Illustration: Chen Xia/GT

China's consumer price index rose 1 percent in February from a year earlier, the lowest level in a year, data from the National Bureau of Statistics showed on Thursday. 

The inflation figure, to a certain extent, vindicates the judgment made last week by Liu Guoqiang, deputy governor of the People's Bank of China, the country's central bank, who said inflation is expected to remain mild in 2023 and "the overall inflation pressure is manageable."

It goes without saying that the moderate and stable trend of the inflation will allow the central bank more room to use monetary policy tools needed for supporting China's economic recovery, which is also an important basis for the country to resist imported inflation caused by the US monetary tightening, the regional geopolitical conflict, logistics bottlenecks, and the US tariffs on Chinese goods.

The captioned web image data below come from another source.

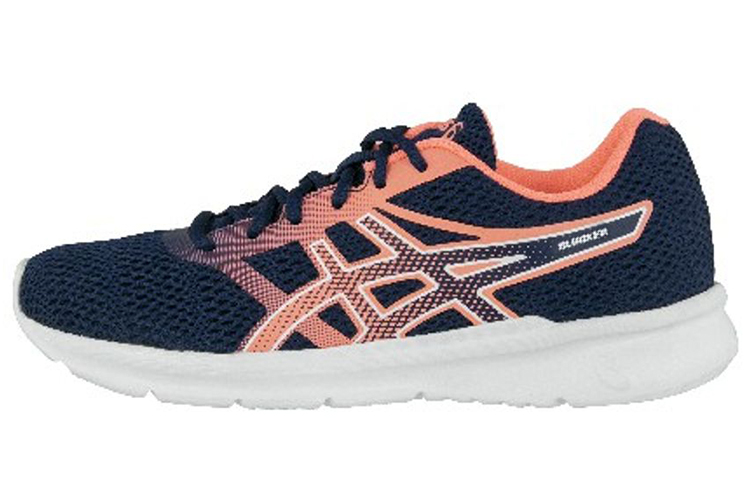 Asics Blocker Low top Running Shoes Women's Blue Orange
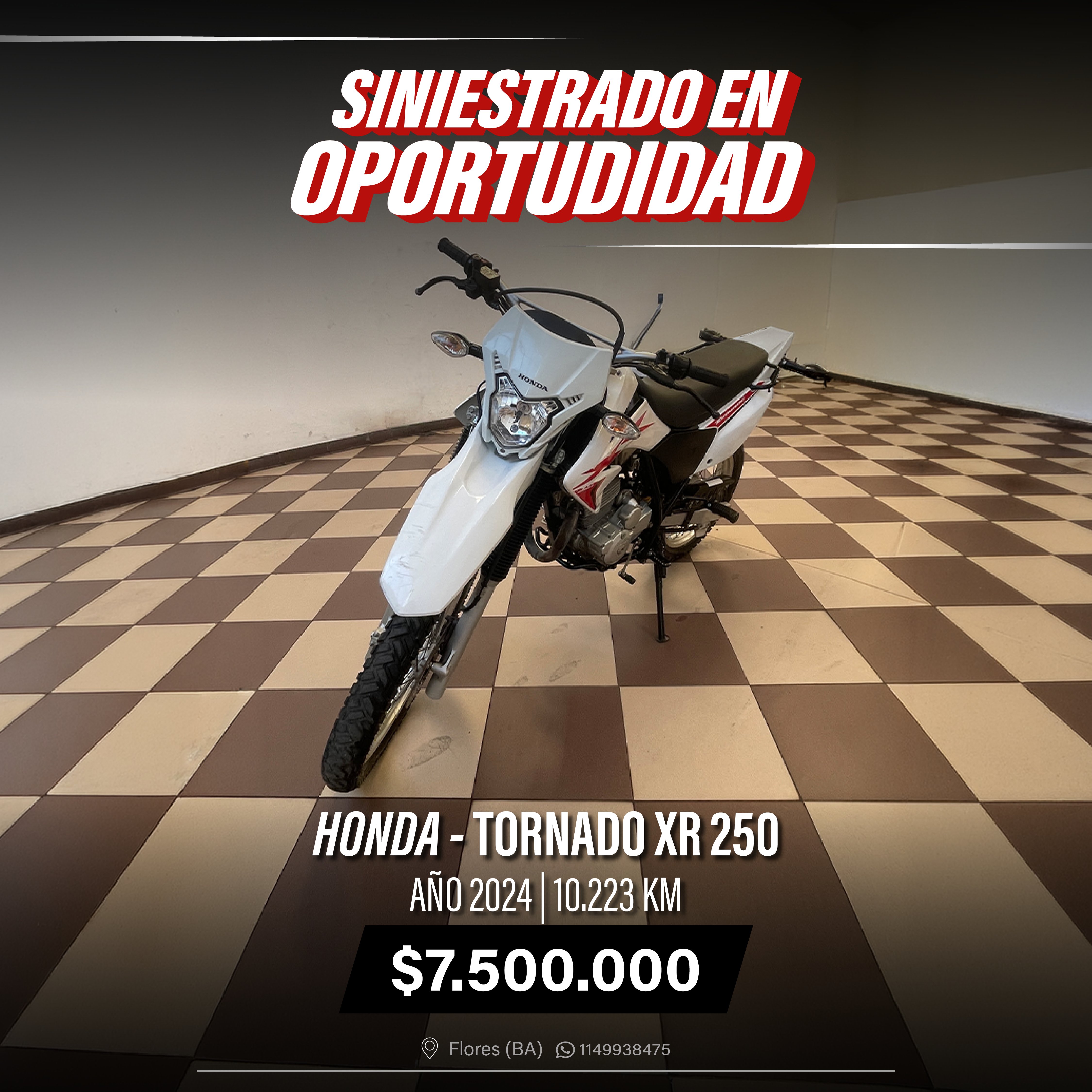 HONDA TORNADO XR 250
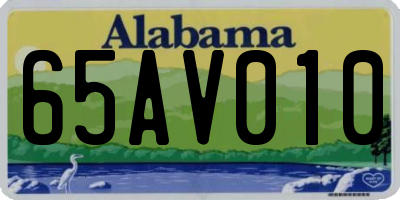 AL license plate 65AV010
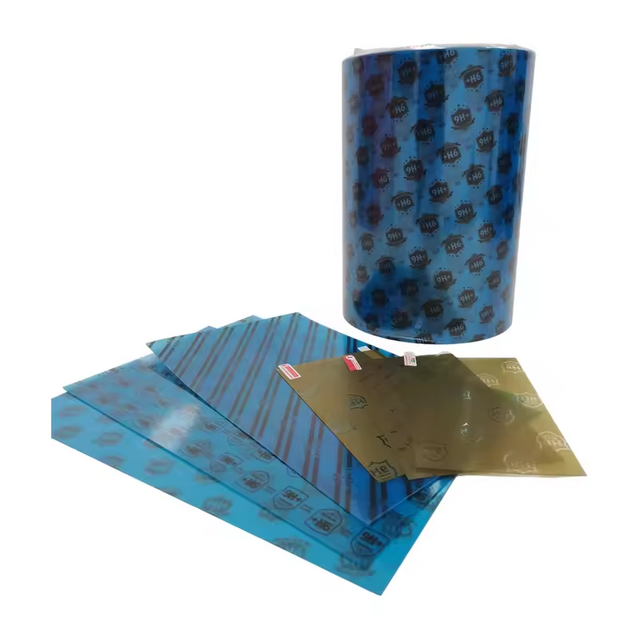 Rollo de película de hidrogel TPU suave de alta claridad - Materiales en rollo para protección de pantalla con recubrimiento PET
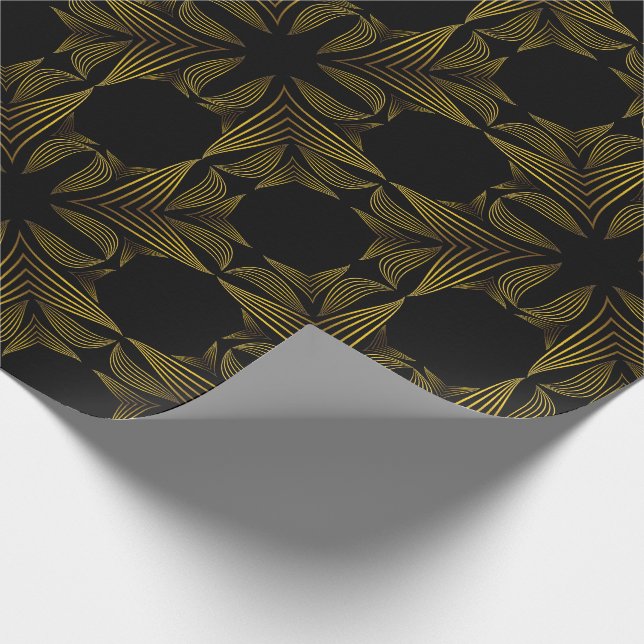 Papier Cadeau pétale de fleur d'or (Coin)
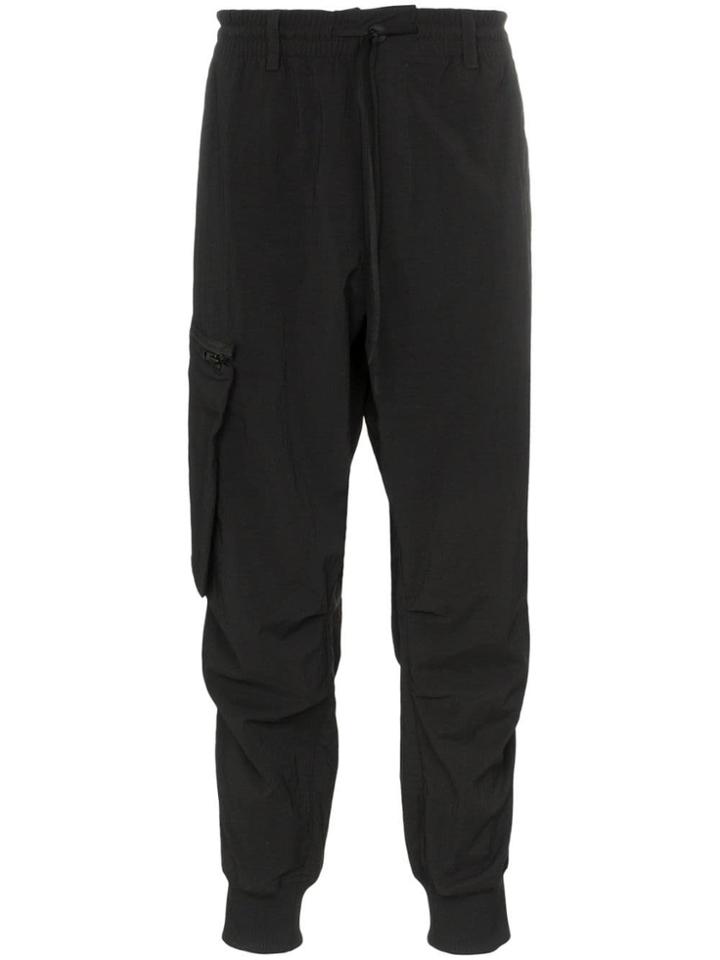 Y-3 Cropped Cargo Trouesers - Black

Previously, Western public opinion expressed concern that China's economic recovery would add to global inflation, but such fears now appear to be wide of the mark, as China's recovery will be driven more by consumption than investment.

Meanwhile, on the other side of the Pacific, there is growing uncertainty and confusion about US monetary policy direction. After a hawkish warning sent US stocks down sharply, Federal Reserve Chair Jerome Powell on Wednesday softened his tone slightly by saying policymakers will wait for fresh jobs and inflation data before deciding how much to raise interest rates later this month, but still reaffirmed his message of higher and faster interest rate hikes.

The Fed's ambiguous signals, to a certain extent, reflect the central bank's internal struggle over how to rein in inflation. While it seems US inflation has been on the decline this year as a result of the Fed's tightening monetary policy, it is undeniable that more interest rate hikes are needed if the inflation is to fall within the target range. However, continuous rate hikes have already increased the risks of US economy slipping into a recession. In this sense, the current economic headache faced by the US is unlikely to be addressed simply by the Fed's signaling on guiding market expectations and adjusting monetary tightening.

Indeed, in light of China's mild inflation this year, if there were improvements in economic and trade relations between China and the US, bilateral cooperation would have the potential to ease domestic inflation pressure in the US.

At present, it is no secret that American economic policymakers are facing a tough policy choice between reining in inflation and avoiding a recession, but if there is other way of bringing the inflation under control, the choice would not be as difficult as it is now. And it all hinges on Washington's willingness to make substantial moves to really improve China-US economic and trade relations, which will be conducive to mitigating its own economic risks.

For instance, the Biden administration needs to give a serious thought to cancelling the tariffs imposed during the Trump era on Chinese goods. Even US officials explicitly acknowledged that some of the tariffs were not strategic and instead raised costs on Americans. American consumers are bearing 92.4 percent of the costs of the tariffs applied to Chinese goods, according to a report published by Moody's Investors Service. Also, according to a study commissioned by the US-China Business Council in 2021, US trade war with China has caused a peak loss of 245,000 US jobs, but a gradual scaling back of tariffs on both sides would boost growth and lead to an additional 145,000 jobs by 2025. The removal of tariffs on imported Chinese goods will strip 1 percent off inflation in the US over time, former US ambassador David Adelman said, according to CNBC.

Second, the US needs to relax restrictions on Chinese investment in the country. Many of the products and services Chinese companies offered can actually help lower costs for American consumers. Limiting Chinese companies' investment has raised the costs in many areas such as the construction of 5G networks.

Third, the US needs to reduce tech sanctions against Chinese companies. The existing "tech decoupling" push by the US has greatly disrupted global industrial and supply chains, which can be translated into higher supply chain costs for American consumers, detrimental to US efforts to lower inflation.

Fundamentally speaking, the high inflation in the US is a product of its own monetary over-stimulus and structural imbalances, which needs to be addressed by its own adjustment, but a stable China-US economic and trade relations can help avoid detours on its way of taming in inflation. Ultimately, it will depend on whether Washington really has the courage to make such a wise choice.